Several key technical points are highlighted in the work:
- Self-Supervised Loss and Damping:
To mitigate high variance contributions from patch pairs belonging to different objects, a dampening function is applied. They use a sigmoid-based distance measure
ϕ(δ)=(1+exp(−τ∥δ∥22))−1,
with the temperature parameter τ controlling the damping. This formulation stabilizes training by reducing the impact of large disparities.
- Network Architecture and Field of View (FoV):
The embedding function is implemented as a U-Net–style CNN. For self-supervised learning, the network is configured with a small FoV (16×16 pixels) to ensure that patches do not encapsulate an entire object while still containing sufficient discriminative information. For supervised refinement experiments, a deeper U-Net is used to expand the FoV.

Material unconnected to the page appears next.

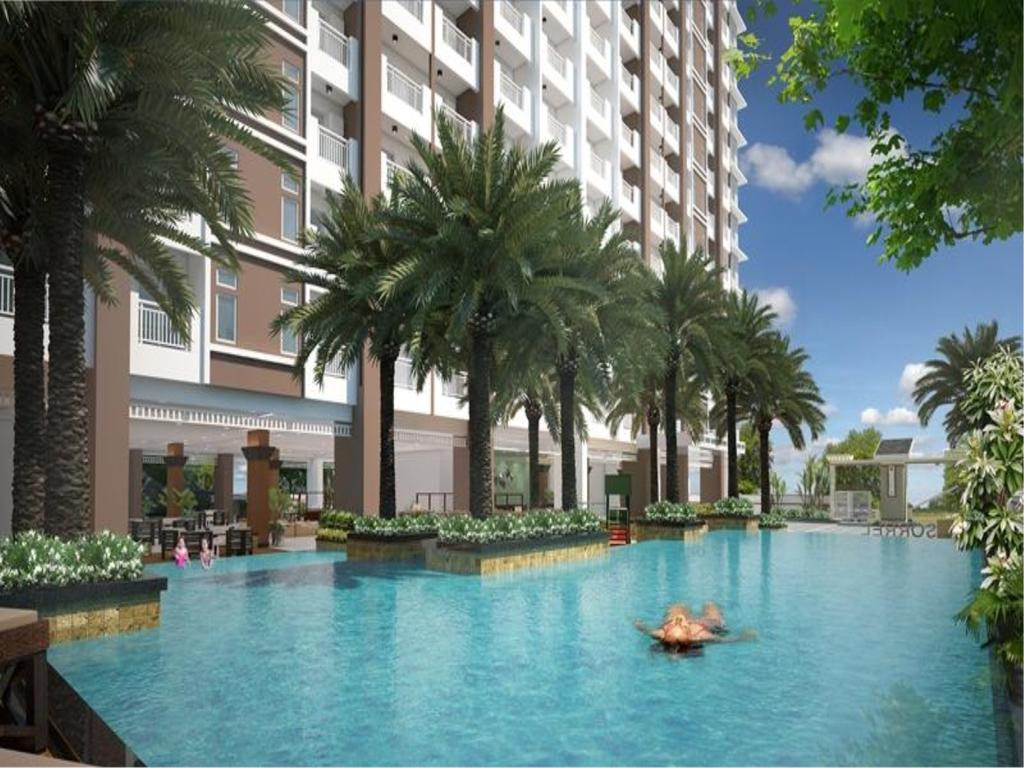 Sorrel Residences Condo Apartment By Fe Manila Exterior photo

- Instance Segmentation Pipeline:
- Foreground-Background Separation:
- Noise augmentation (via salt and pepper noise) is applied repeatedly to generate multiple noisy instantiations of the raw image. The per-pixel variance over the predicted embeddings is computed, and a bimodal variance distribution allows the use of a threshold (e.g., Otsu’s method) to effectively separate the foreground (cell regions) from the background.
- Clustering:
- Mean-shift clustering, as implemented in scikit-learn, is subsequently applied to the foreground regions’ embeddings to group patches into individual cell instances.
- Empirical Evaluations:
- F1 Score: Measures the harmonic mean between precision and recall based on an intersection-over-union (IoU) threshold (typically 0.5).

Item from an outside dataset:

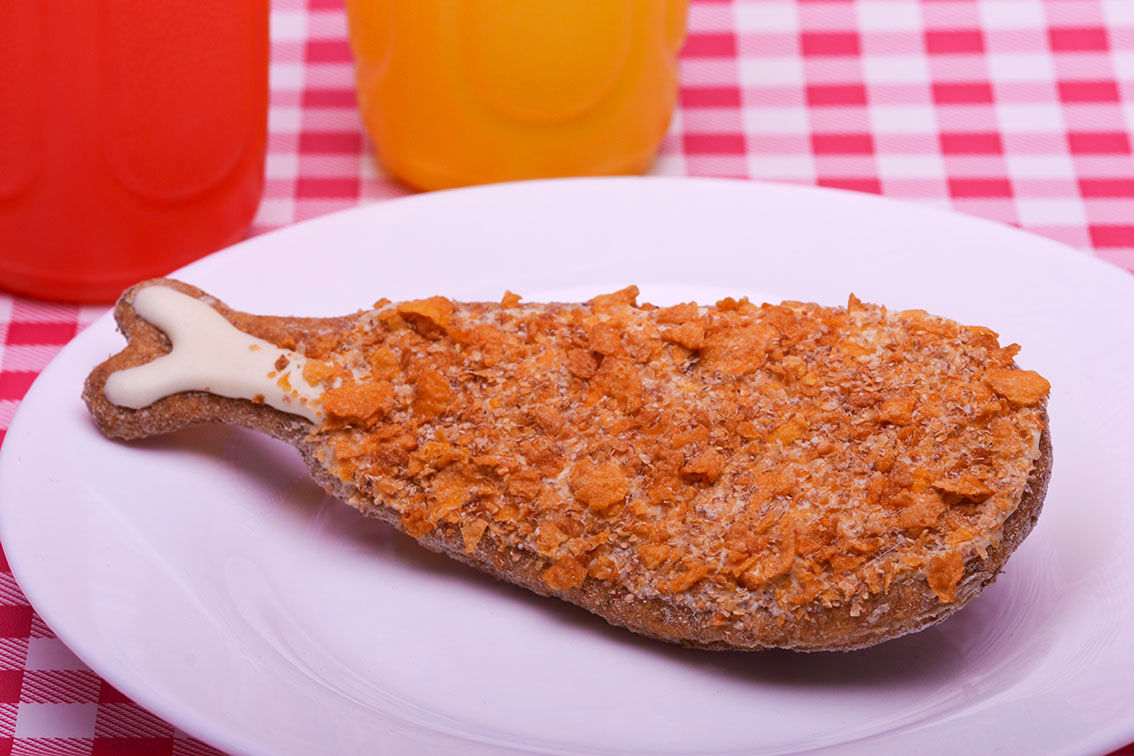 Fried Chicken/ Pilon Poulet 1doz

- SEG Score: Computes the average IoU for matched ground truth and predicted objects.
- Notable numerical results from the unsupervised setting include:
- On the Simulated dataset, the method achieved an F1 score of 0.83 and SEG of 0.65.
- On the aggregated TissueNet data, performance reached F1 0.64 and SEG 0.52.
- In six out of nine datasets, the proposed approach outperforms baselines such as the pre-trained models from Schmidt et al. and Cellpose when measured by the SEG score, while performing comparably on the remaining datasets.
- Supported Supervised Learning:
Beyond unsupervised segmentation, the paper investigates how the unsupervised predictions can serve as pseudo labels to support supervised training. A hybrid training regimen is presented, where a small fraction (as low as 1%) of manual annotations are combined with pseudo ground truth estimates. This supported supervision achieves an F1 score of 0.75 ± 0.03 on TissueNet, which is significantly better than the purely unsupervised score of 0.64. Results indicate that the annotation burden can be reduced by an order of magnitude without compromising segmentation accuracy.
- Sensitivity to Scale and Limitations:
The authors examine the effect of patch scale on segmentation performance. The selected patch size must be carefully adjusted—it needs to be small enough to exclude whole objects yet large enough to capture reliable spatial features. In practice, the method demonstrates robustness across a range of scale factors for different datasets (e.g., for Immune and Lung tissue types) while also highlighting typical failure modes, such as under-segmentation for outliers (cells with substantially different morphology) and difficulties when cells exhibit non-random spatial arrangements.
In summary, the paper introduces a theoretically motivated, self-supervised approach for learning spatially informative object-centric embeddings. By aligning embedding differences with spatial offsets and utilizing a robust post-processing pipeline (including noise-based variance thresholding and mean-shift clustering), the method yields competitive cell instance segmentation results across multiple imaging modalities. Moreover, the framework is shown to be effective in both fully unsupervised settings and as a means to support downstream supervised training with minimal annotations.